Work instruction = The needed output is the run of lines below from the one containing "Used Toyota YARiS" through the one containing "dolce&gabbana black sneakers", copied exactly and free of pictures.

Dataset =
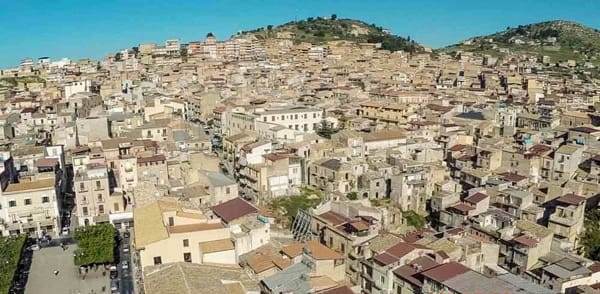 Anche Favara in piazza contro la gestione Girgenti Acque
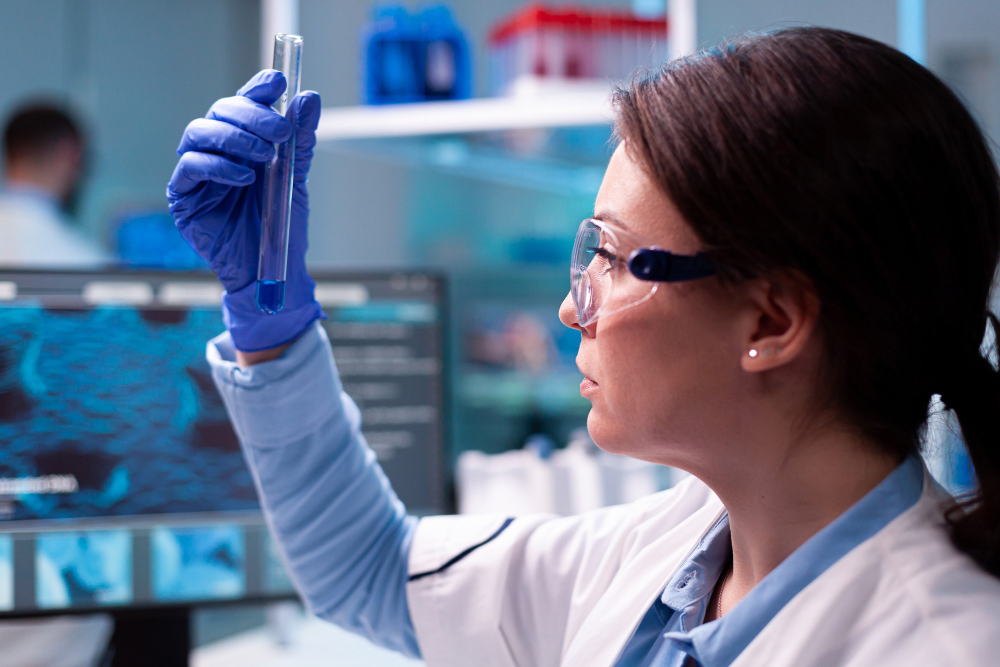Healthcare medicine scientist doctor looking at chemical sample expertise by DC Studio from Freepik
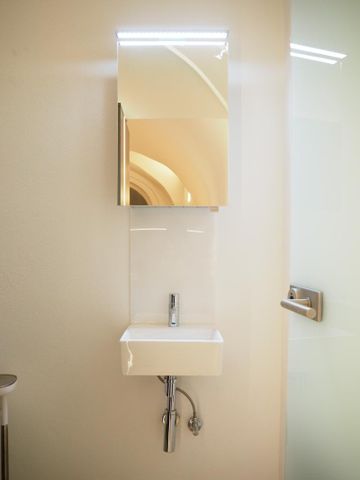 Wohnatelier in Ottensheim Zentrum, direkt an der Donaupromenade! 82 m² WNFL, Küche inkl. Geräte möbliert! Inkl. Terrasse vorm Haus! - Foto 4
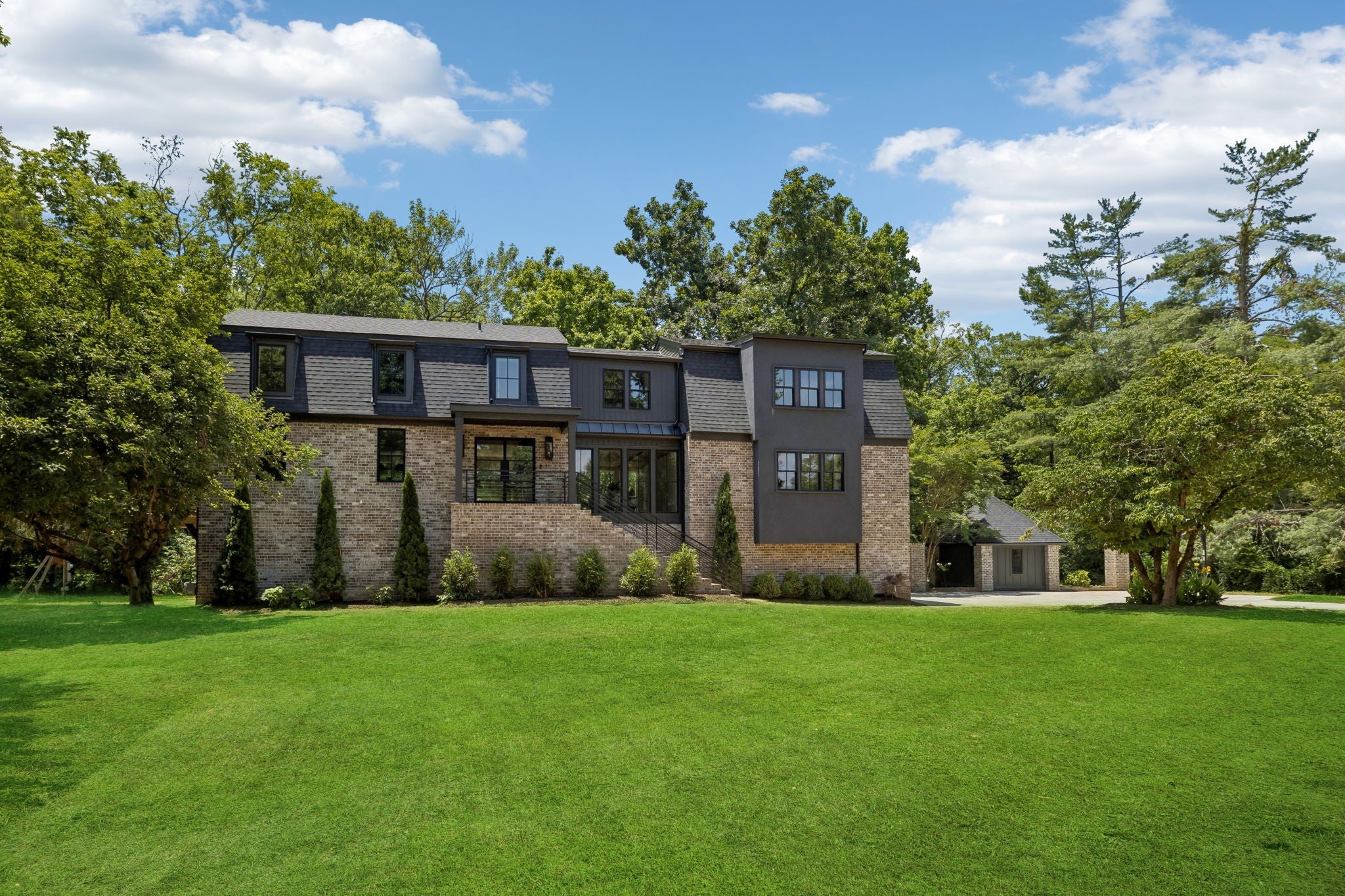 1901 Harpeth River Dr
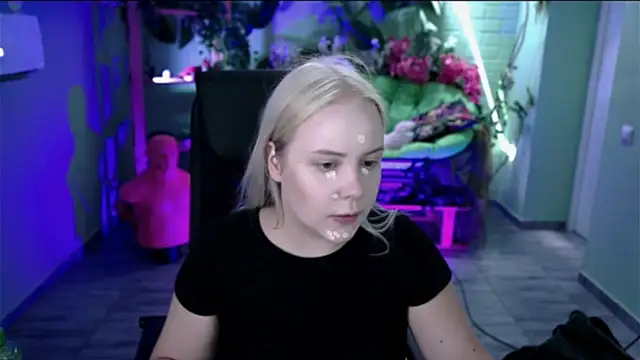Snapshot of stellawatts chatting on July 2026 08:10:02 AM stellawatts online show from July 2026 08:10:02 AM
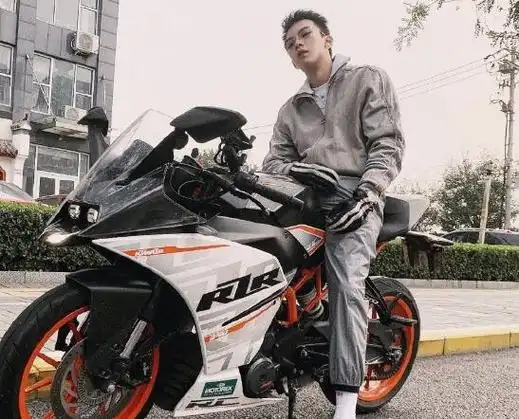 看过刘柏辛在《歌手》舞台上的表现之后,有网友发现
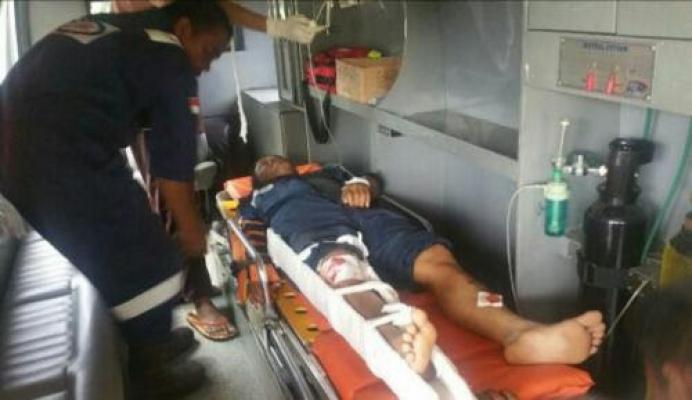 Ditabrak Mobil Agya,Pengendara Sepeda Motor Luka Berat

---

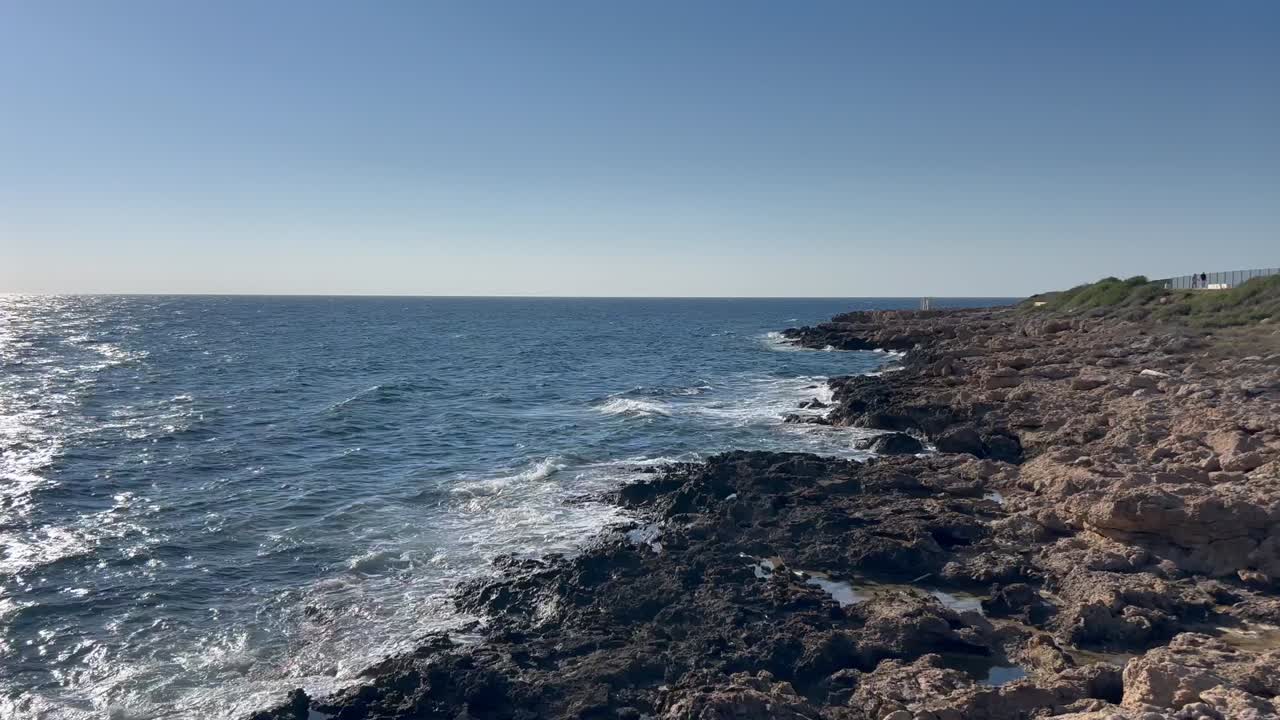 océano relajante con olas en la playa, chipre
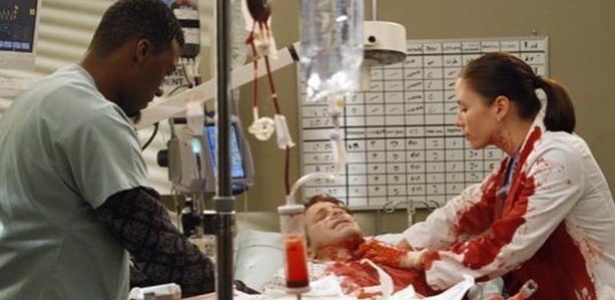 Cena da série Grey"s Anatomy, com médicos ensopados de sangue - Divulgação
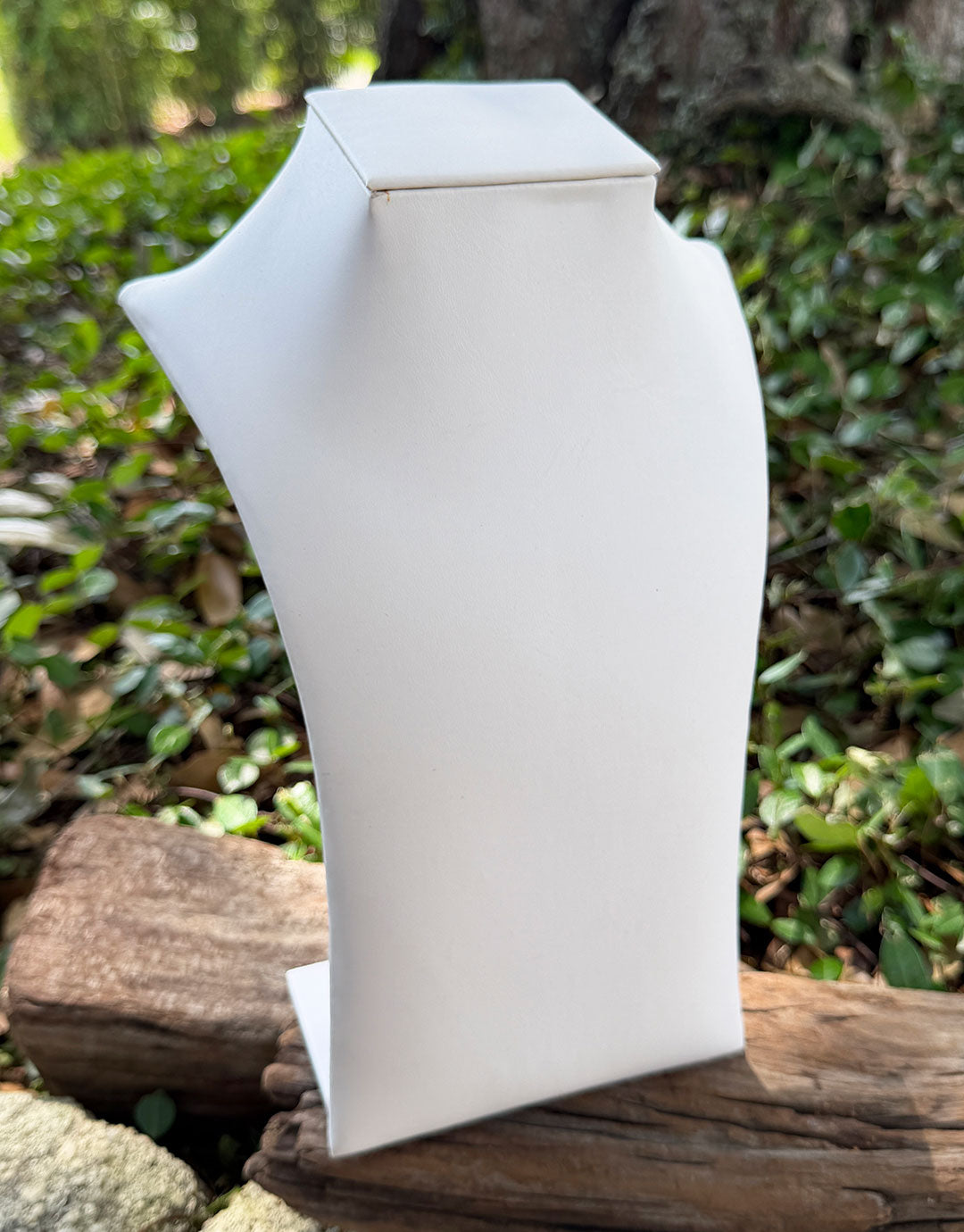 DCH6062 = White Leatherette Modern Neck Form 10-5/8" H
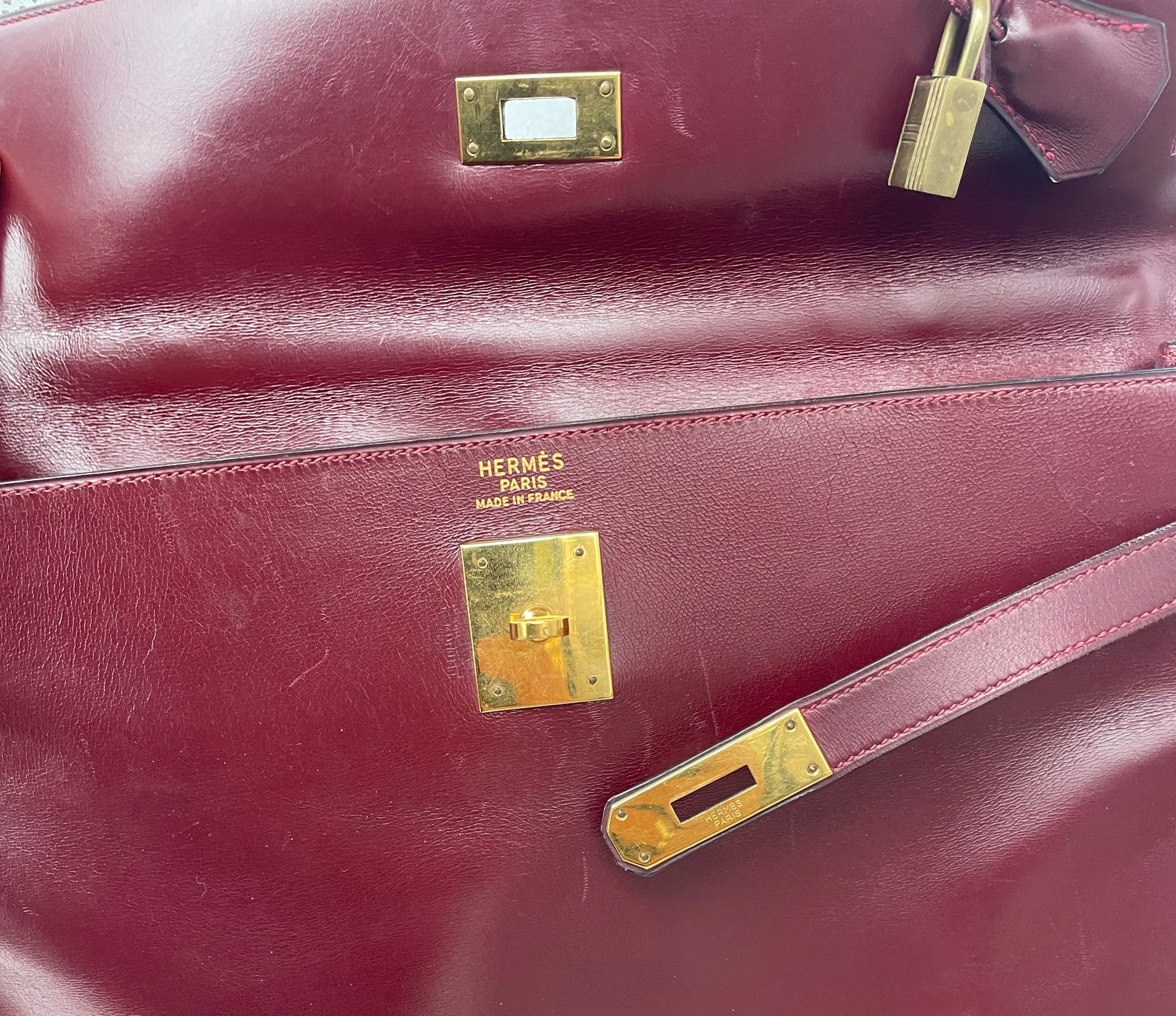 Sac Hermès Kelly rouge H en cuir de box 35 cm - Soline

--

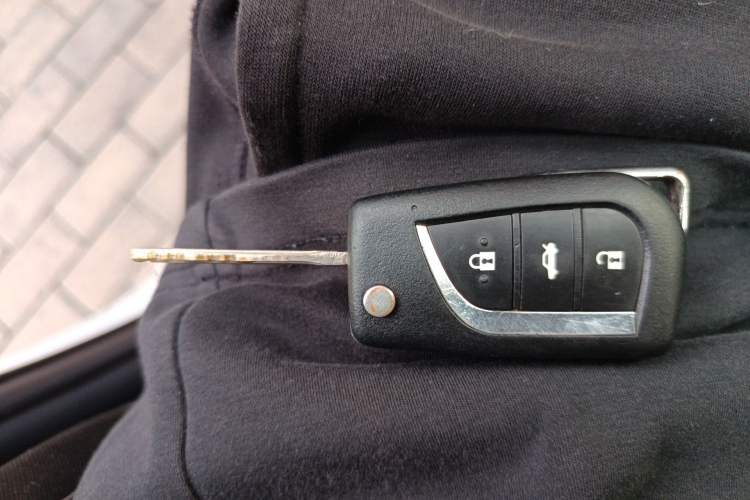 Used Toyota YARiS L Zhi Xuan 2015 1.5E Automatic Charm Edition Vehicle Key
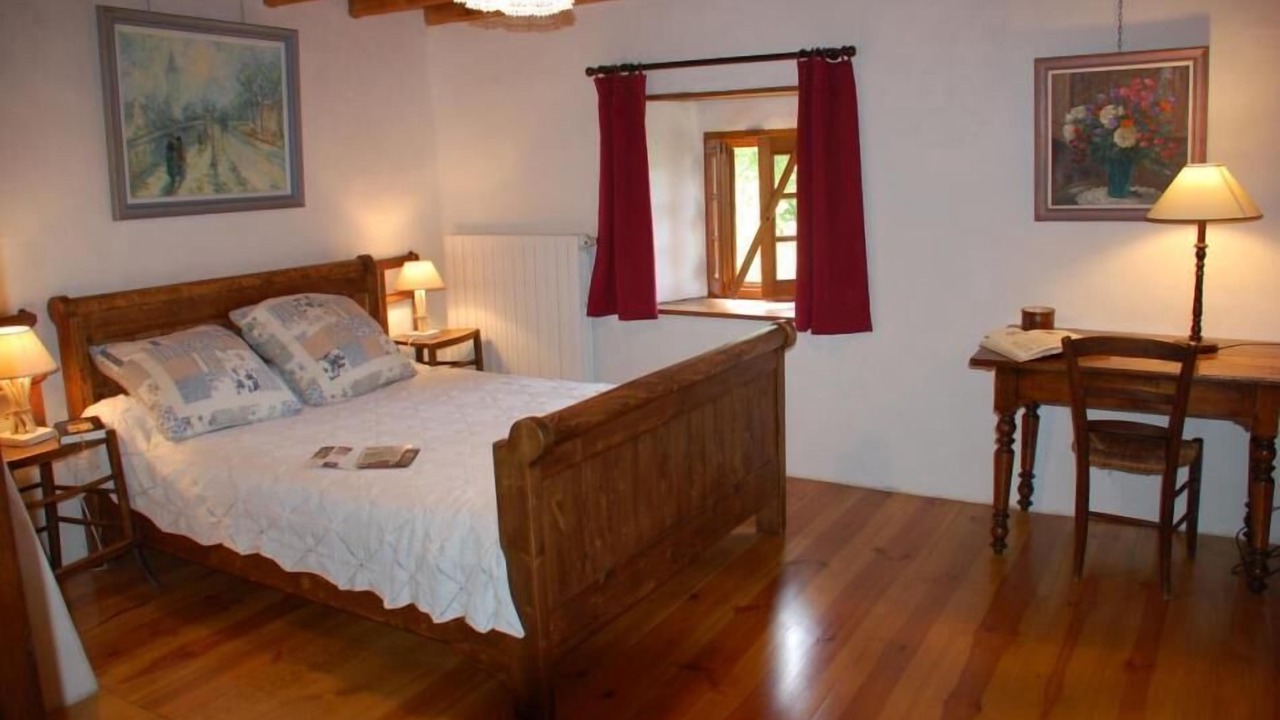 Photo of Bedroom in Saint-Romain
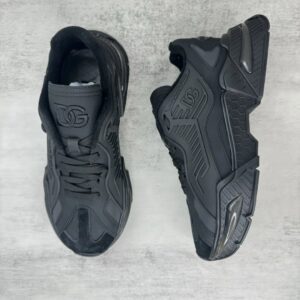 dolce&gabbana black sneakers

Completed task =
 Used Toyota YARiS L Zhi Xuan 2015 1.5E Automatic Charm Edition Vehicle Key
 Photo of Bedroom in Saint-Romain
 dolce&gabbana black sneakers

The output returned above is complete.